# taoggniklat's system



## taoggniklat (Mar 30, 2010)

I thought I had posted this already but I guess not...I blame the spiked eggnog.

Link to photos...
http://www.hometheatershack.com/for...tos/36922-taoggniklats-system.html#post327570

*My main system consists of:*
Samsung LNA550 46" LCD
Dishnetwork HD DVR
Sony BD2 Bluray Player
Logitech Squeezebox Duet (NAS server with 2TB drive space)
Pioneer VXS-9040TXH AVR
MSB Technology Link DAC III (arrives today wohoo!)

Paradigm Monitor 9 v 2
Paradigm CC-350 v 2
Paradigm Mini Monitor v2

And my new HSU VTF-2 mk3 should arrive early next week sometime!

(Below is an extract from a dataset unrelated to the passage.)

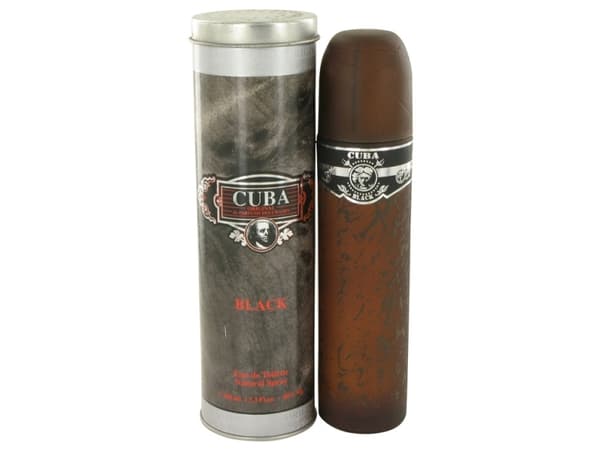 Cuba Black Eau De Toilette 100 ml (mies)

*My PC/Projector system includes:*
Proxima DP9280 Projector (I need a new bulb or replace with a new PJ soon)
Polk Atrium 45 Outdoor Speakers (arrive today, newegg black friday deal)
Sony 10" 100w sub
Rotel RA-972 Integrated Amp (60w x 2)
Sony RDR-VX525 DVDRW/VCR Combo
PC
XBOX Elite


----------



## taoggniklat (Mar 30, 2010)

Well my Polk Speakers arrived and my MSB DAC. SO far I am not getting anything out of the DAC except analog pass through...not sure if its my player yet.

The Polks are decent and match well with the Sony sub and I think will be a perfect gaming/pc setup.

I will have to see what is going on with the digital stream from my disc player to see why its not syncing.


----------



## taoggniklat (Mar 30, 2010)

I found out what the problem was with my dac. The 192k upsample board had become dislodged during shipment. It works fantastic now.

Cheers


----------



## taoggniklat (Mar 30, 2010)

Well I finally got the sub moved into the main system and boy is the HSU a huge step up. I mean for the money, the Sony sub certainly does "ok", but it just can't reach as deep as the HSU. The HSU really pressurized the room to a level the Sony couldn't touch.

I have not done any proper setup, I literally just put the HSU right where the SONY was and used the same settings. I will be working on the settings later.

I am so happy with the HSU. Definitely recommended for people with similar sized rooms and budget. I will post some pics later.


----------